Le roman comporte deux parties : la première, plutôt brève, raconte l’adolescence de Lucy chez sa marraine Mrs Bretton. La jeune fille y côtoie John-Graham son sympathique cousin, mais elle y rencontre aussi une étrange enfant blonde, dont la précocité n’a d’égale que son adoration pour Graham. Puis vient une période difficile d’apprentissage. Lucy, désormais sans famille, décide de quitter l’Angleterre pour gagner sa vie comme préceptrice. Après un passage en France, elle se rend à Villette, à la recherche de la pension Beck. La voici institutrice. Dépourvue d’expérience, Lucy doit néanmoins imposer son autorité à des dizaines d’élèves turbulentes. C’est aussi dans cette institution que Lucy fait des rencontres déterminantes : la frivole Ginevra Fanshawe, une pensionnaire qui se prend d’amitié pour elle, le professeur de lettres Paul Emmanuel, et le docteur John, un jeune médecin qui ne laisse pas Lucy indifférente. Mais la vie réserve encore bien des surprises à notre héroïne ! Pendant les grandes vacances, par un soir d’orage, Lucy erre le cœur gros aux portes de la ville, lorsqu’elle est recueillie par le docteur John. L’occasion d’en découvrir davantage sur ce séduisant personnage…

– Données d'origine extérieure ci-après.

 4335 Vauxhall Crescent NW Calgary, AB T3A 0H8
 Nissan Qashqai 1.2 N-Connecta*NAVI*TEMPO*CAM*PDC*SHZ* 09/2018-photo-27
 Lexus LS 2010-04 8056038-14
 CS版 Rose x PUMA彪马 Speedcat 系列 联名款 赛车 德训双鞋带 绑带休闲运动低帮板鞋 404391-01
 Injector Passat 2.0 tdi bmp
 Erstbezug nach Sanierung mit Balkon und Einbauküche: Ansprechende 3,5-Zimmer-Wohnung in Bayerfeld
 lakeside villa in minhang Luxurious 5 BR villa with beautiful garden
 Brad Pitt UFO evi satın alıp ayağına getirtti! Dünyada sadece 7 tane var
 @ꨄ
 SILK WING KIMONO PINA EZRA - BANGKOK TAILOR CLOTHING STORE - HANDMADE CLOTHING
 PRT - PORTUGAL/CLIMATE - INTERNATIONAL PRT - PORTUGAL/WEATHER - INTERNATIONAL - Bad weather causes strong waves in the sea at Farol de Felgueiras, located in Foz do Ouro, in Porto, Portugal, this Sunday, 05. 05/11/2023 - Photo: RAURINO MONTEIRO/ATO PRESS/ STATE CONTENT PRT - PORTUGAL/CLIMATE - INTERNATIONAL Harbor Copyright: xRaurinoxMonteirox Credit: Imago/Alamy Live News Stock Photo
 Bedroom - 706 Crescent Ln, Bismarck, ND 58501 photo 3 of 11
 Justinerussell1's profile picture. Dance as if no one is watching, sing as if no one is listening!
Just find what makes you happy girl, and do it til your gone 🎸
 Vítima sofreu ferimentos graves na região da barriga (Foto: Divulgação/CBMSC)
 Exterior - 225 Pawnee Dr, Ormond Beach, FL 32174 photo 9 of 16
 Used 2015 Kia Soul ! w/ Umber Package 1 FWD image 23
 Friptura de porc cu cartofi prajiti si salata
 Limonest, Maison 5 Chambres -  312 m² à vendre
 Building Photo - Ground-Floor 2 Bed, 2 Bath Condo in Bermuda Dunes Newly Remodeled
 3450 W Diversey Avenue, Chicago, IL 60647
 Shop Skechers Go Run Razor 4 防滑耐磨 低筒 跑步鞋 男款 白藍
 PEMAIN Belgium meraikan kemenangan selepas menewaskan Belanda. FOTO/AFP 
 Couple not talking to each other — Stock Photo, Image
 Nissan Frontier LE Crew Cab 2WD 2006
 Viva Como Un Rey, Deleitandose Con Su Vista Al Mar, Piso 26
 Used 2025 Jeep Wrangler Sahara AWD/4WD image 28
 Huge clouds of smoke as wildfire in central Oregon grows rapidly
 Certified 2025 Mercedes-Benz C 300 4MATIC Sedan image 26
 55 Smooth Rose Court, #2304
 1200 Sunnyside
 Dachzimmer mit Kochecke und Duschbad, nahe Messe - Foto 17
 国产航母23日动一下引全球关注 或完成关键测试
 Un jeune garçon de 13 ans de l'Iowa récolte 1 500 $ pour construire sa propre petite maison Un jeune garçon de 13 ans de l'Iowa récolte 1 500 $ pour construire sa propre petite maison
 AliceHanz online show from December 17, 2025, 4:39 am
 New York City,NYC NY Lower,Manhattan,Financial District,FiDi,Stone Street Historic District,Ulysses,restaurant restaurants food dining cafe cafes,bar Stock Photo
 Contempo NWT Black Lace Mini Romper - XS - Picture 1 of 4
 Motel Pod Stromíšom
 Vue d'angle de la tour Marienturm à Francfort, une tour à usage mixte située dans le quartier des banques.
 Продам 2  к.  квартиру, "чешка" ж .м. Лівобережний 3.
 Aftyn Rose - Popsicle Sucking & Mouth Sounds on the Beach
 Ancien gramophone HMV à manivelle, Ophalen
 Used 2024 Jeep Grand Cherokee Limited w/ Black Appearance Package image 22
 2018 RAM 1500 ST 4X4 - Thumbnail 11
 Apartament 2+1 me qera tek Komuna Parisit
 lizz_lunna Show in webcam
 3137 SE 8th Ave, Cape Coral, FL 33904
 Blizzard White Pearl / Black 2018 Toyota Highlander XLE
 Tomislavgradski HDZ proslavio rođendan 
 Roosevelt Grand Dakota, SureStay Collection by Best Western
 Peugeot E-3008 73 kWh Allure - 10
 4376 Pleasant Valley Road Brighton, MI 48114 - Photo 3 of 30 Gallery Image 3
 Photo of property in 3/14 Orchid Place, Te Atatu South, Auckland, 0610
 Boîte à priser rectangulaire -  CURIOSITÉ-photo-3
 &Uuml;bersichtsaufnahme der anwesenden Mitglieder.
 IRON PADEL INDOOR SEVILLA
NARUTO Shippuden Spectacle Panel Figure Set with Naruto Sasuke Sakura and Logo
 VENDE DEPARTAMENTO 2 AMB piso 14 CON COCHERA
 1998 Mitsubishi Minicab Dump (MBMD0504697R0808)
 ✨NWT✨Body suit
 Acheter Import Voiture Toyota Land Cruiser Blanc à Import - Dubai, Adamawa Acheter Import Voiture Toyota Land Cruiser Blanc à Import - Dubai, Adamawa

Ce roman d’apprentissage est un curieux mélange de romantisme et de réalisme, le tout saupoudré d’humour anglais. Comme dans "Jane Eyre", Charlotte Brontë dépeint ici une héroïne singulière, au caractère bien trempé, éprise de solitude et peut-être un rien bigote. Malgré sa droiture morale, Lucy ne correspond pas tout à fait au modèle de féminité en vogue au XIXème siècle. Son tempérament fier, indépendant, sa capacité à tenir tête aux hommes et son côté asocial en font un personnage bizarre. Serait-ce le reflet de la personnalité de l’auteure ?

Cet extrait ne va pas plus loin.